The UFC tried to bring him back after a nine-month suspension to fight Dustin Hazelett last Fall, however Parisyan inexplicably pulled out of the fight the day before the event was to take place. UFC President Dana White subsequently declared him persona non grata from the UFC, stating Parisyan gave him a “laundry list of excuses” that didn’t quite add up. Again, talk arose from friends that Parisyan was suffering from a painkiller addiction. Parisyan himself opened up about an anxiety disorder, saying that had contributed greatly to his troubles.

In recent months, Parisyan himself began rumors that he might show up in Strikeforce. When contacted by his camp, the promotion informed him that they were not interested. Ouch.

Jeff Monson – Monson is a veteran of more or less every major promotional organization, including getting a title shot against Tim Sylvia when he was the UFC’s Heavyweight Champion. After the loss he spent time in Japan, but kept his name Stateside with his controversial and outspoken political stances, which include tattoos of a hammer & sickle as well as an Anarchist symbol adorning his body. To the best of my knowledge, nobody has yet informed Jeff that those two political philosophies are diametrically opposed to each other.

In January 2009 he was arrested for spraypainting an anarchist symbol on a federal building while ESPN: The Magazine photographed him in the act. Days later a warrant was issued for charges of property damage and domestic violence in Mocksville, N.C. The charges were later dropped.

Paulo Filho – Oh good Lord, where do we even start? Poor Paulo was once considered amongst the top five middleweights in all of MMA when he was the champion of his weight class in WEC. Then came a fateful defense against Chael Sonnen wherein he appeared apprehensive, confused, and – according to Chael – kept making bizarre requests of his opponent to bring the fight to the ground. It was his final fight with the promotion, and promises of a fledging UFC career and eventual title shot at Anderson Silva went up in smoke.

Filho made the move to Japan, debuting for DREAM in impressive fashion by armbarring a much larger and tenacious Melvin Manhoef. He missed his next scheduled fight due to what at the time were said to be depression. His mother came forth and said that it was actually VISA issues and blamed the DREAM promotion for the problems. Meanwhile, nobody could seem to get ahold of Paulo himself.

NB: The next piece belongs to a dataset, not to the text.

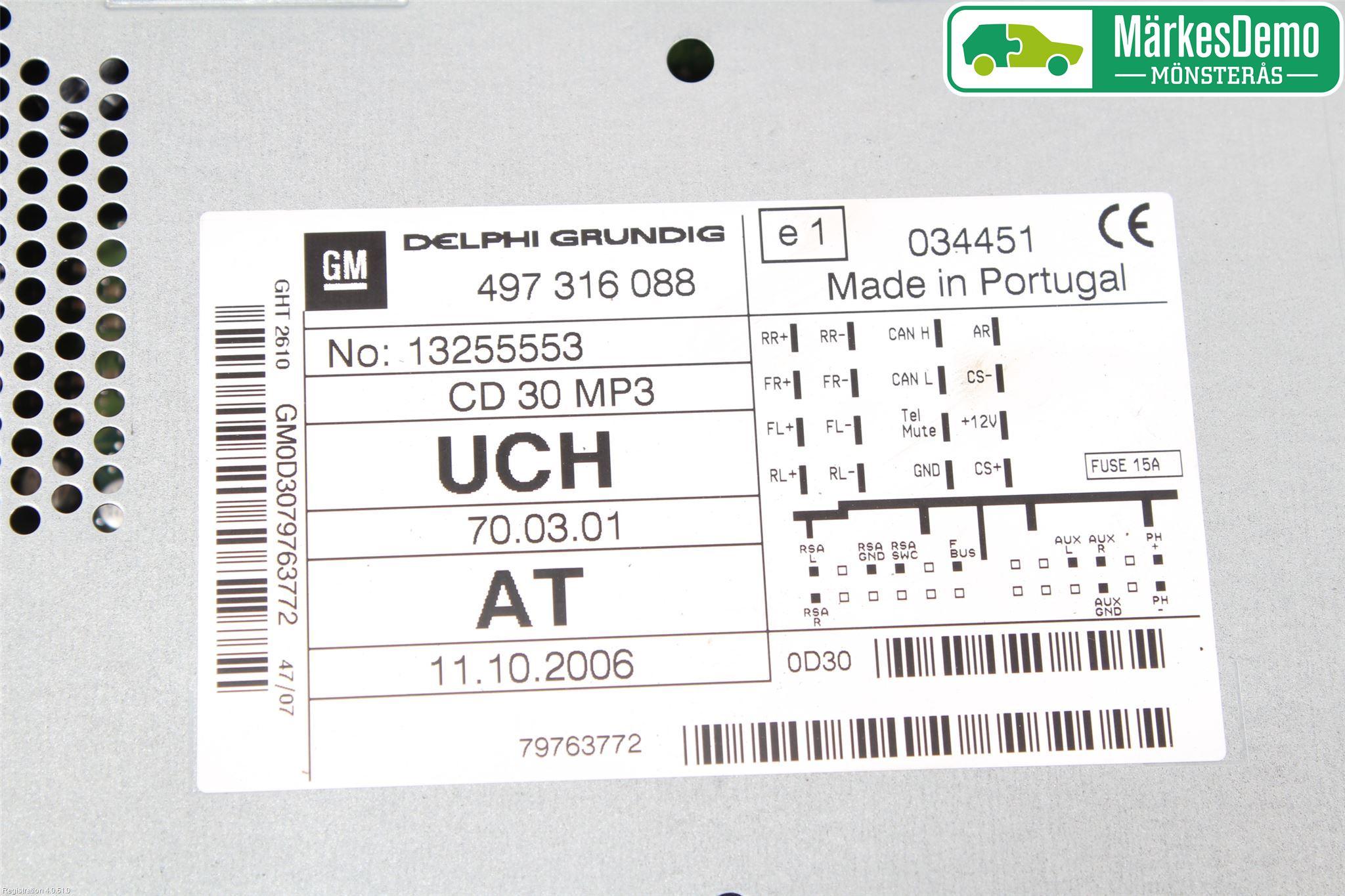 Opel ASTRA H 04-12 Stereo Radio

Things only got stranger after. He took a contract with Bitetti, a homebound promotion that ideally would prevent any problems with getting to his scheduled bouts. He won his first fight via unanimous decision, then dropped out of his second fight a week prior to the event due to undisclosed “personal problems.” Just hours later it was announced Filho would make the fight after all, but then he no-showed the weigh-ins and the fight was cancelled.

Bellator Fighting Championship tried to bring in Filho to fight their Middleweight champion Hector Lombard in a non-title affair, but he claimed more VISA problems and was replaced by Jay Silva.